TASK REQUIREMENTS: Beginning with the line that contains "Hunt Invitation Postcard", repeat each line exactly through the end of the listing below. Pictures stay out.

SOURCE DATA:
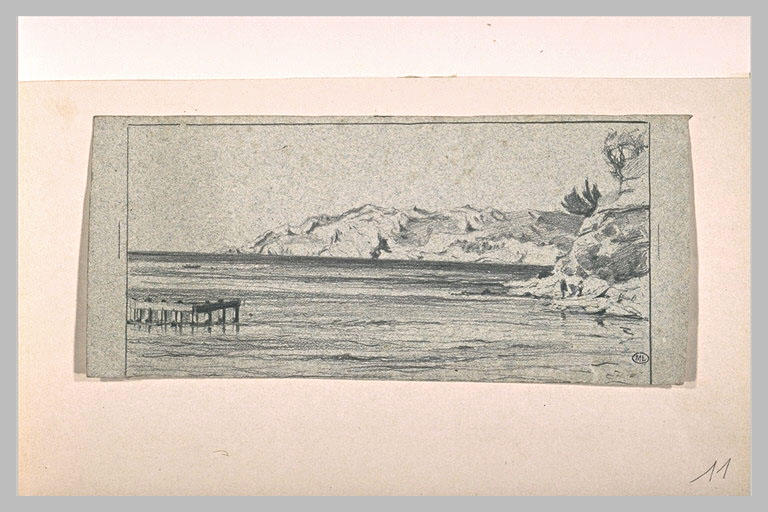 Paysage maritime avec deux personnages au bas des falaises_0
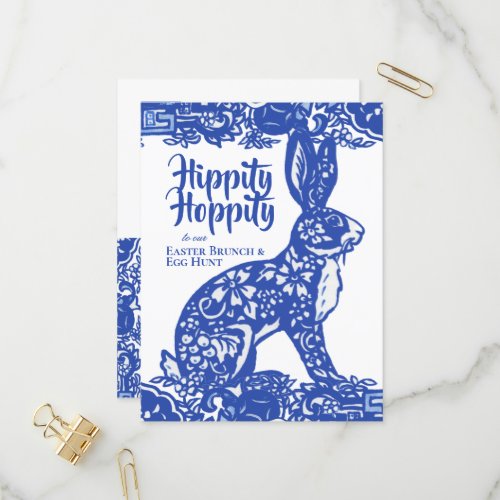 Blue  White Easter Bunny Brunch Egg Hunt Invitation Postcard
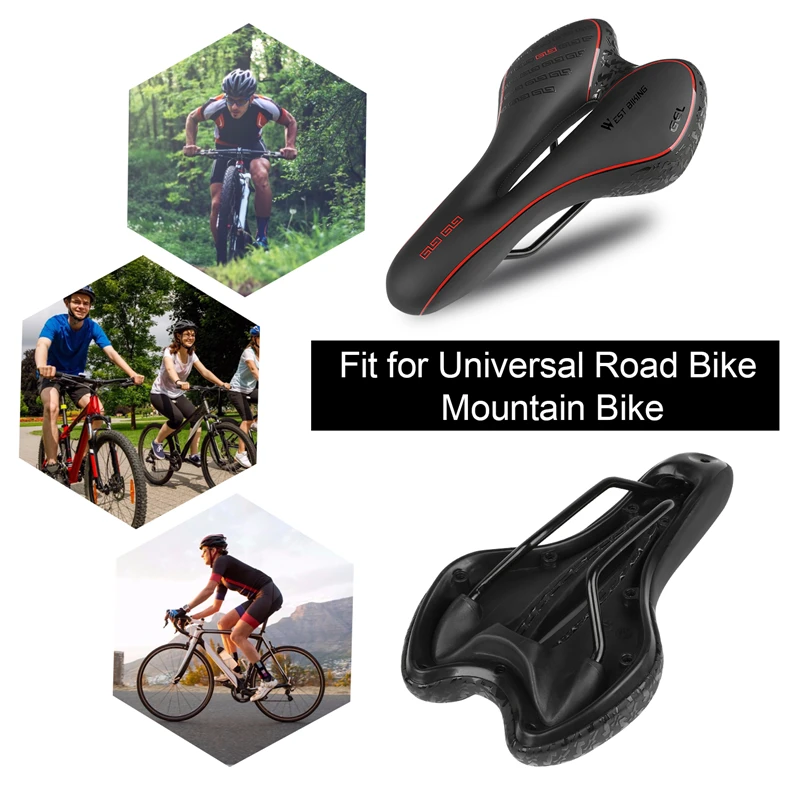 WEST BIKING PU Leather Bike Saddle Shockproof Waterproof Soft Cycling Seat Hollow Comfortable Mountain MTB Road Bicycle Saddle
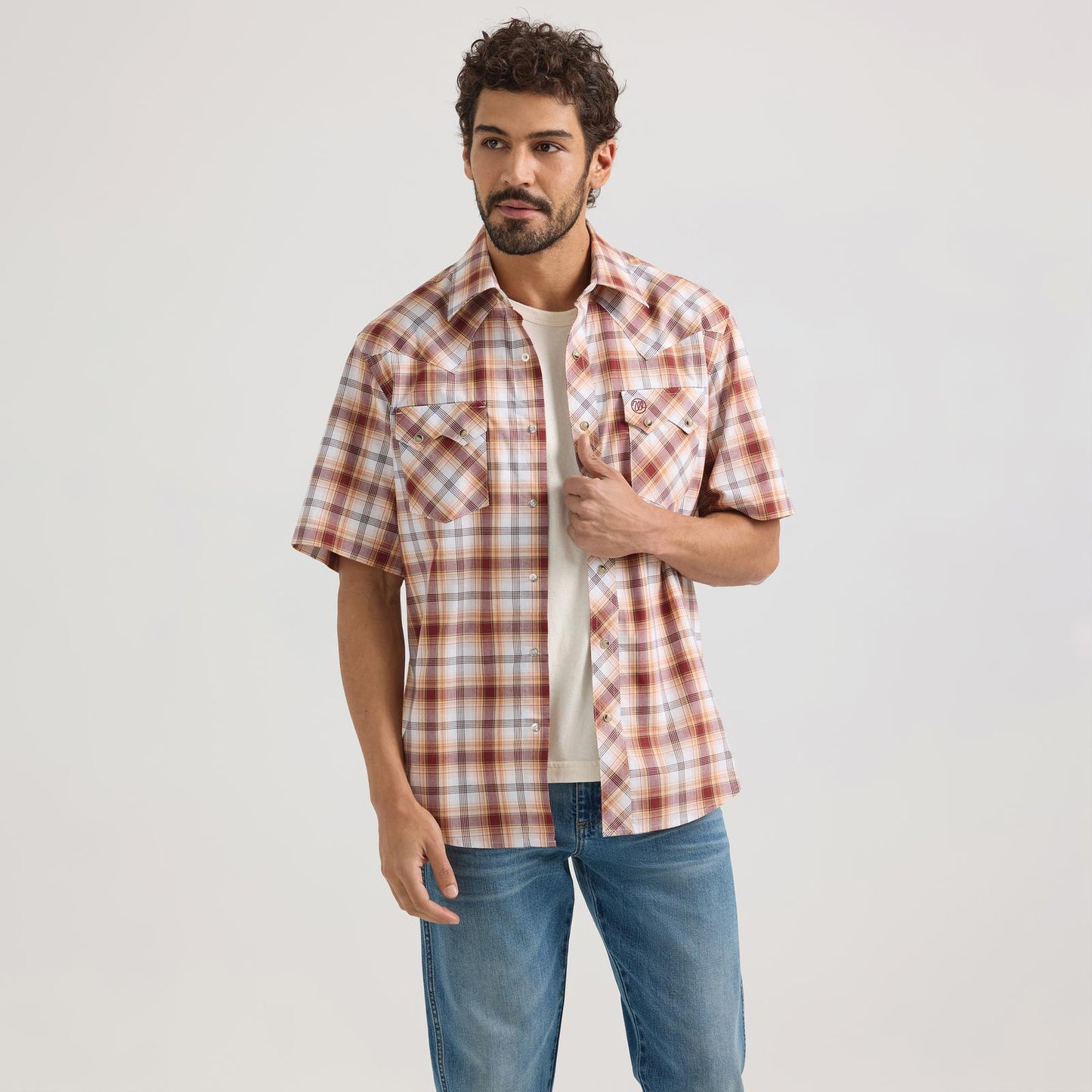 MENS WRANGLER ORANGE PLAID SHORT SLEEVE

ANSWER TO THIS TASK:
 Blue  White Easter Bunny Brunch Egg Hunt Invitation Postcard
 WEST BIKING PU Leather Bike Saddle Shockproof Waterproof Soft Cycling Seat Hollow Comfortable Mountain MTB Road Bicycle Saddle
 MENS WRANGLER ORANGE PLAID SHORT SLEEVE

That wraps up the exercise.